Life was great; it felt like I was given a second chance to spend more time; creating new memories with my sister. However, my happiness was short-lived, during her routine follow-up checks, the doctors noticed a tumour growing in my sister’s ovaries.
The procedure to remove the tumour took longer than expected, which led all of us to believe that the tumour might be cancerous and that would also means it’s a relapse.
Pukes and tubes
Due to the relapse, my sister underwent several cycles of chemotherapy treatments. It wasn’t easy at all for both my sister and my family. It was difficult and heart wrecking watching my sister vomit during each chemo cycle. She was in so much pain, but yet she would put on a smile and tell us not to worry about her. And there was nothing that I can do to help or to ease her pain.
As time passed, the content of our daily conversations changed. I would check in on her, and ask if she is in pain; or if she needed any food or medication. She on the other hand would constantly remind me that I cannot be angry at God, should anything happen to her. Despite being in pain, she would still listen to my mediocre grumbles about my work colleagues.
It was not an easy period, there were many times when I broke down and cried while my children were asleep during nap time. Days when tears welled up in my eyes whenever close friends and colleagues asked “ how is my sister doing?’
I tried my best every single day to be strong, to be cheerful and to keep on smiling.
Running out of time
Some way or another, my sister knew that she was running out of time, and that everything else is no longer important, and the most important thing is to spend quality time with her family members. She started prepping us for her death, telling us what we should do in the event that she passed on, where should the wake be held at, what to do with her personal belongings.
A week before her death, both of us couldn’t sleep. We sat in our bed and talk to each other till 2 a.m. As we talked, she reassured me that as much as I would miss her, she would miss me too and that she would wait for me in heaven no matter how long it takes.
“People say that when a person is dying they would know that their time is running out”– and that is true.
The night before she passed on, she was coughing badly, and decided to sleep in the living room instead so as not to disrupt my sleep. Before she slept in the living room, she said to me “ If I don’t see you, just know that I love you.”
Those were the last words she ever said to me.
Dealing with death
Image taken from dreamstop.com
I cried when I walked into the room we shared for the past 20 years, it felt so unreal that my sister had passed away. I couldn’t bring myself to sleep in the room, knowing that my sister would never ever be my roommate again.

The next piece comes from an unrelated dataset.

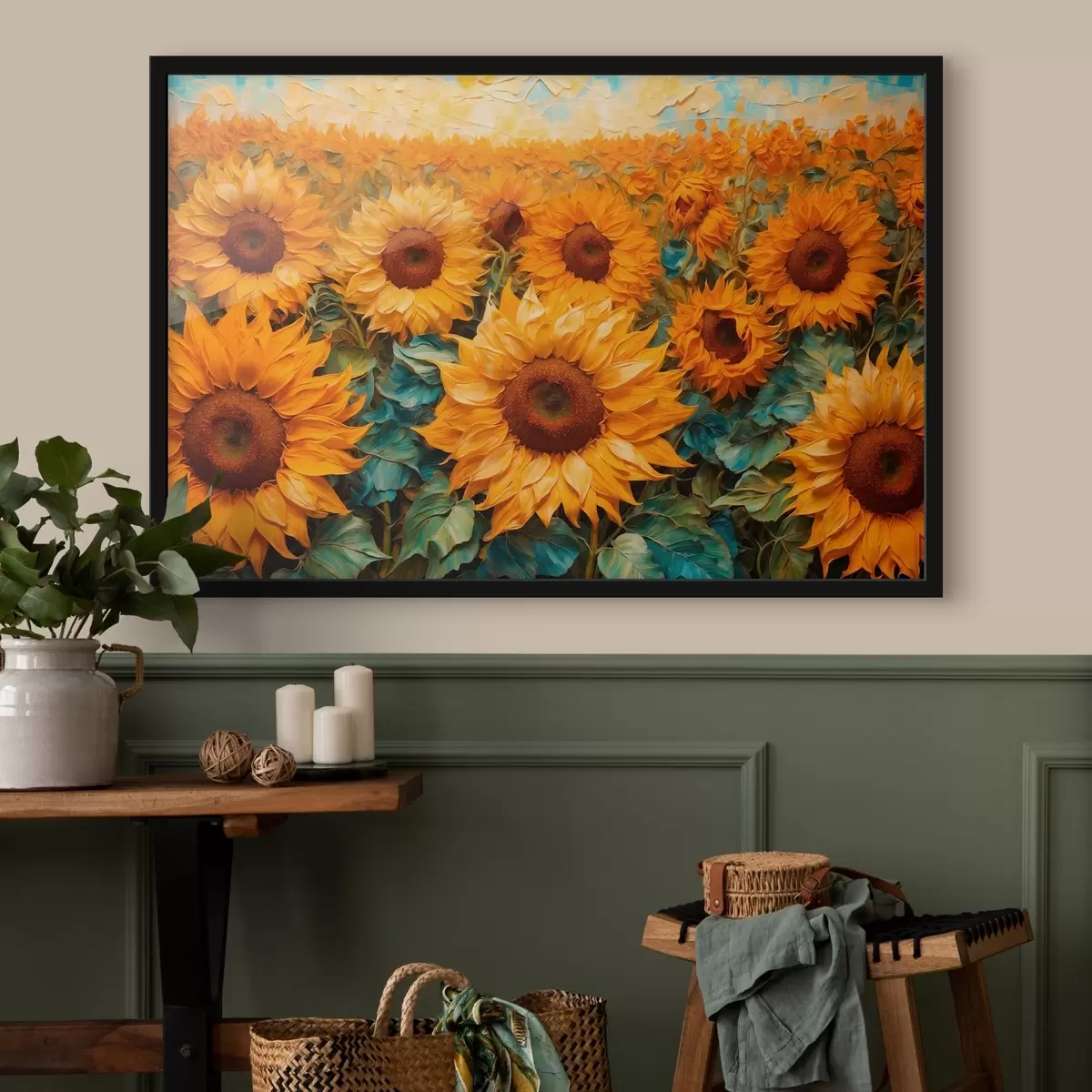 Poster Campo di girasoli in stile pittura acrilica f43104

I cried when we closed the cover of the coffin and said our last goodbye.
I cried when I said her eulogy.
I cried when we had our first meal as a family without her.

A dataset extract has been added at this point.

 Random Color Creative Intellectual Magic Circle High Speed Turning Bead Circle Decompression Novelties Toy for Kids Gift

I cried during our first family gathering after her death.
I cried when I knew that I could never text her again, and send her images that would make her laugh.
Up till today, there are still many little moments in life, that would remind me of the days when my sister was still alive and quarrelling with me. There is nothing that I can do, to bring her back to life.
Special occasions like birthdays, mothers’ day, fathers’ days are never the same again. Even though I know that she will always be in our heart, and never forgotten.
It’s just not the same. I’m starting to realise that grief is something that does not just disappear; instead it is about learning to build a life around the grieving of our loved ones.
From the day she was diagnosed with cancer till now; it was a roller coaster journey. But I’m thankful for the friends and family members that stood by my side throughout this period.
It is during this period, that I realised we do not need to keep everything to ourselves, and its alright to break down and cry because we are not alone in this journey and there are friends that had gone through similar experiences.